Bulgarin recalls Tolstoy’s uncanny ability to sense others’ hands and strategies, often winning large sums and separating himself from debt. There were moments when bankruptcy threatened him, and his partner in life, the dancer Avdotya Maksimovna Tolstaya, helped him ride out those storms by lending support and paying off some obligations.

Friends with authors

Settling in Moscow, Tolstoy befriended Prince Peter Vyazemsky, Alexander Pushkin, Vasily Zhukovsky, Konstantin Batyushkov, and other literary figures. Vyazemsky spoke warmly of him in letters to Turgenev, describing Tolstoy as an endlessly curious, fascinating personality. He published many anecdotes about Tolstoy in his Old Notebook and even dedicated poems to him.

Vyazemsky once penned lines praising a friendship that spanned their era. He called Tolstoy a companion who thrived in both daring and intellect, portraying him as a lively, rebellious force in the literary world.

Several authors who shaped Russian literature used Tolstoy as a reference point. Among them were Lensky’s foil Zaretsky in Pushkin’s Eugene Onegin, Count Turbin in Leo Tolstoy’s Two Horsemen, and Dolokhov in War and Peace. In a quip from Griboyedov’s Woe from Wit, Tolstoy’s reputation is referenced with a mix of humor and truth. The line about a man who is a duelist and an exile to Kamchatka hints at the complex blend of bravado and consequence that surrounded him.
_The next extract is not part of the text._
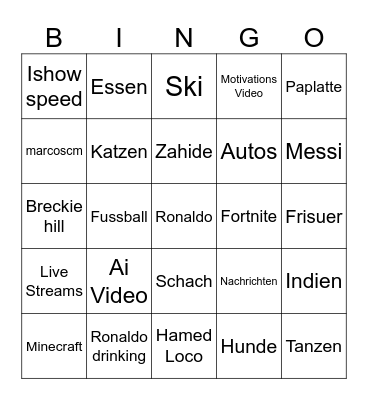 Tiktok Bingo Card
The overall portrait shows Tolstoy as a magnetic, sometimes controversial figure whose life fused travel, warfare, gambling, and wit into a vibrant, if controversial, legend.

engaged Pushkin

Alexei Wolf, a close Pushkin ally, wrote that in 1826 Tolstoy may have teased the poet in a card game. Alexander Shakhovsky, who contributed to rumor networks, spread words that may have damaged Pushkin’s trust. It remains unclear what Tolstoy specifically said. Pushkin later went to exile in the south and exchanged sharp lines with Tolstoy through witty maxims describing him as a “serf,” “card thief,” and other quips. A duel was rumored but never occurred.

Gradually, with efforts from friends, especially Sergei Sobolevsky, the rivals reconciled. Tolstoy eventually found a place among Pushkin’s circle. In 1829 Pushkin asked Tolstoy to assist with Natalya Goncharova, though the offer faced some resistance due to the girl’s youth, and the arrangement did not come to fruition immediately, but the two maintained a lasting friendship.